# What to work on:
Transcribe exactly the stretch of lines beginning at the one containing "Pair of red sparring gloves." and closing with the last line of the entries below. Omit images.

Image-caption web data
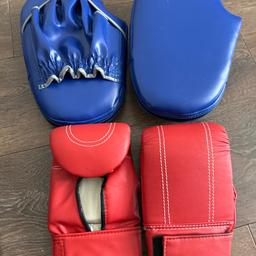Sparring gloves and pads.
Left and right hand targets in blue. 
Pair of red sparring gloves.
Synthetic, wipe able material.
New with tags in mesh bag for easy storage.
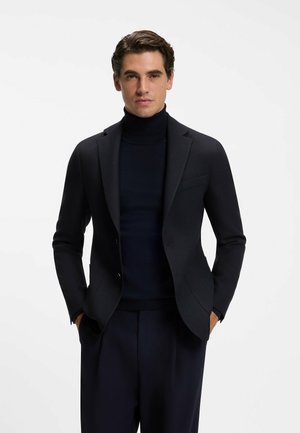 Man draagt een donkerblauw colbert over een zwarte coltrui met bijpassende donkere broek, staand met handen in de zakken tegen een witte achtergrond.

# Solution for this problem:
Pair of red sparring gloves.
Synthetic, wipe able material.
New with tags in mesh bag for easy storage.
 Man draagt een donkerblauw colbert over een zwarte coltrui met bijpassende donkere broek, staand met handen in de zakken tegen een witte achtergrond.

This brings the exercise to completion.